Autre « enseignement », le rôle et les responsabilités de chacun doivent être très clairs. Il y a eu un cas ou nous avons repris un site déjà très (trop ?) vigoureusement promu par un autre prestataire, et un autre cas d’un site avec peu de contenu qui était simultanément promu par le client et par nous… Or au vu des baisses de positionnement enregistrées dans Google (baisses bien plus marquées que pour les sites sur lesquels nous avons travaillé seuls) il est très clair que nous n’accepterons plus de reprendre de sites existants pour lesquels nous avons soit entièrement la main sur le net linking, ou du moins il existe une transparence sur le travail réalisé par le client lui même… Sans quoi il peut exister des « bombes à retardement » dont il n’est pas normal que nous soyons tenus pour responsables quand elles exploseront (d’autant que ces bombes sont très difficile à désamorcer ; beaucoup de liens, une fois acceptés sont très difficiles à supprimer…).

Ce qui est sur est qu’il faut désormais mettre le cap sur la qualité, et non plus la quantité. Avec du doigté, beaucoup de doigté…

Et plus que jamais il faut diversifier les sources de liens, ne pas se contenter de la « classique » forte présence dans les annuaires, ni même des très en vogue communiqués de presse (impérativement de qualité), il faut aussi saupoudrer de Digg like (signets en ligne), réaliser quelque commentaires à des articles de blogs ayant un rapport direct avec l’activité du site a promouvoir…

Les contenus des blogs (officiels, guest posts…) et contenus en général (article marketing, site de questions) doivent aussi être privilégiés, de même bien sur que les réseaux sociaux, Facebook en tête…
L’identification de sites et surtout de blog « partenaires potentiels » est aussi désormais en tête de liste de nos préoccupation. Bien sur un prestataire en référencement n’est en principe pas en position de négocier des partenariats, mais nous souhaitons aller aussi loin que possible dans cette direction… (identification des sites de même thématique, envoi d’un mail type de demande de partenariat, reporting…).

Au final, l’aspect le plus important de Pingouin est peut être de ne plus autant se focaliser sur la divinité toute puissante Google qui peut, du jour au lendemain, changer fondamentalement, selon son bon plaisir, ses règles de positionnement des sites et remettre en cause des business models pourtant en principe viables…

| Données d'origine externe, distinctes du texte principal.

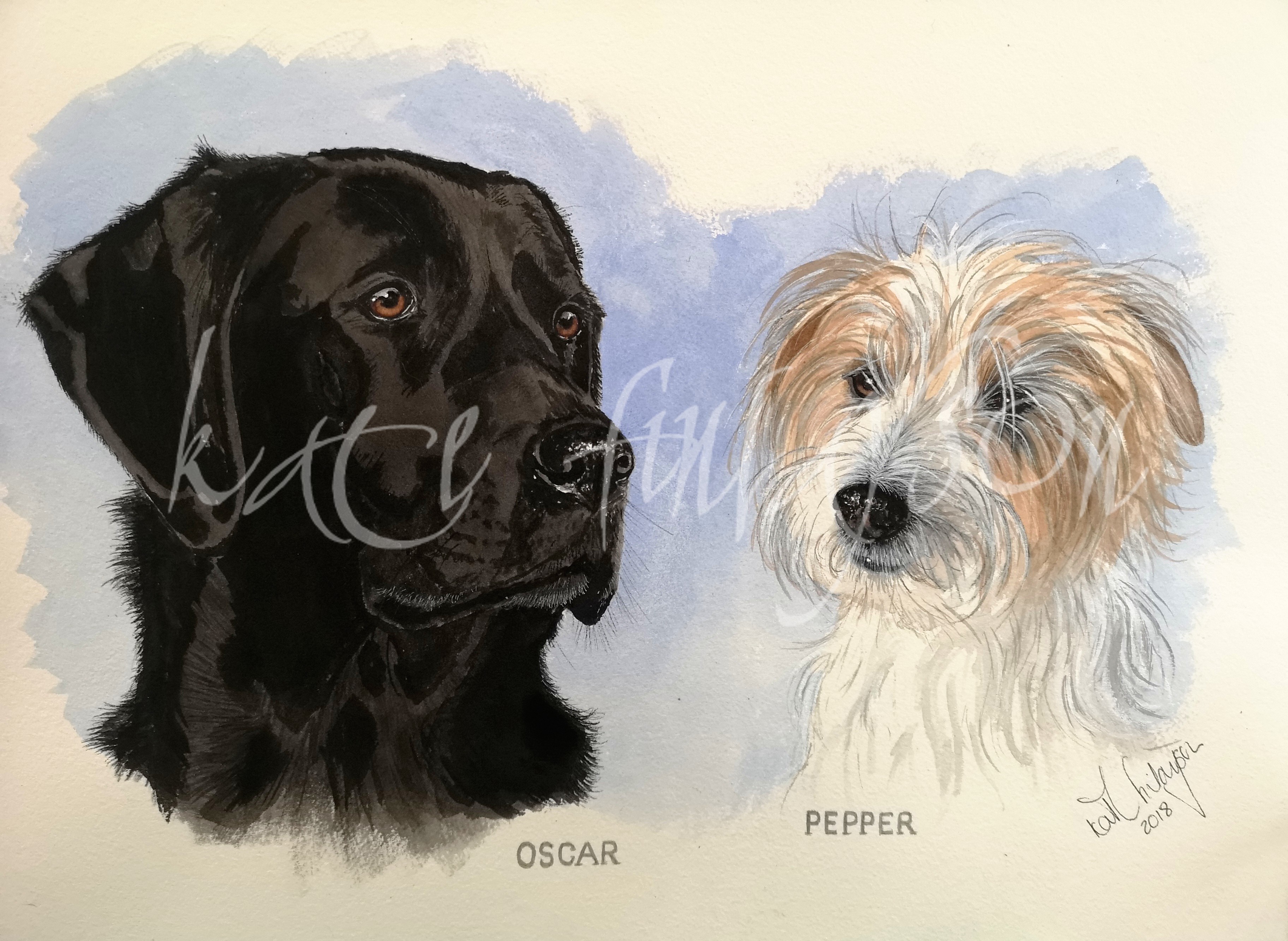 Portrait of a dog by Kate Finlayson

Toutes les sources de trafic (direct) sont désormais bonnes à prendre, surtout celles ne nécessitant pas de passer par Google… cela met en bonne place la diffusion (sur les blogs, etc) d’informations de valeur permettant d’être reconnus comme expert dans un domaine, et bien sur les réseaux sociaux, Facebook et Twitter en tête…

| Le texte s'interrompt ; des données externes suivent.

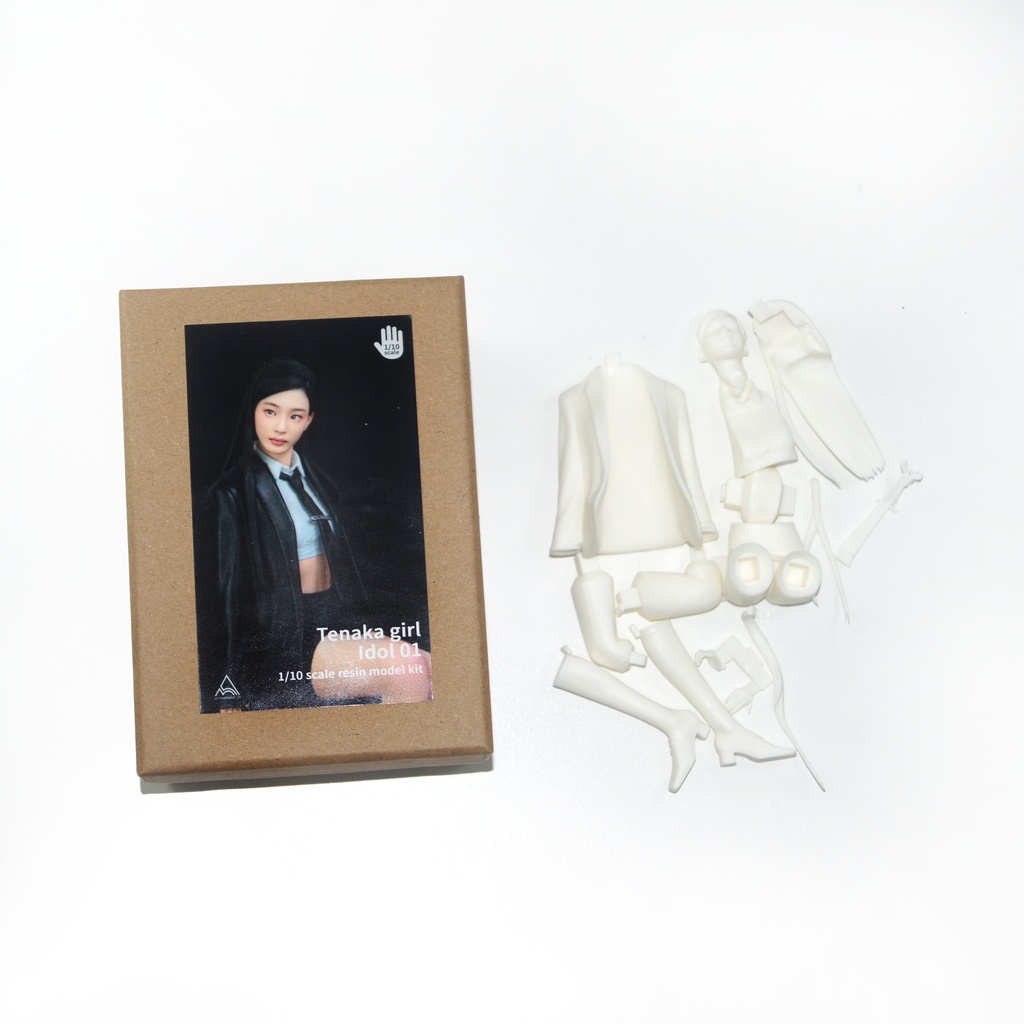 1/10 Tenaka Girl IDOL 01 Resin kit figure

Qu’importe que certains réseaux n’offrent que des liens dits « nofollow », en principe non suivis par Google, car de toute manière Google voit pratiquement tout, ( Brr…) et de plus en plus de choses… (nous avons par exemple de bons retours avec des outils du type stumble upon qui offre des liens nofollow mais génère un trafic significatif…).

L’ironie de ces efforts pour limiter son addiction à Google est que Google lui même les apprécie ; plus vos liens proviennent de supports d’origines différentes, y compris de réseaux sociaux, et plus Google est satisfait…

Bref, nous avons plus que jamais du pain sur la planche, la masse de travail pour promouvoir efficacement et « qualitativement » des sites est considérable, sachant que (vu qu’il faut prioriser) pour les mois à venir nos principales priorités seront clairement :
– Le développement des contenus on-site ou off-sites, en partenariat étroit avec des clients
– Les réseaux sociaux, sachant par exemple que nous opérons déjà plus d’une vingtaine de comptes/pages Facebook dans une dizaine de langues différentes.
– Et enfin continuer à développer notre activité sur la création et l’animation de campagnes AdWords, ce volet d’annonces sponsorisées étant de plus en plus souvent demandé par les clients en complément du référencement naturel classique.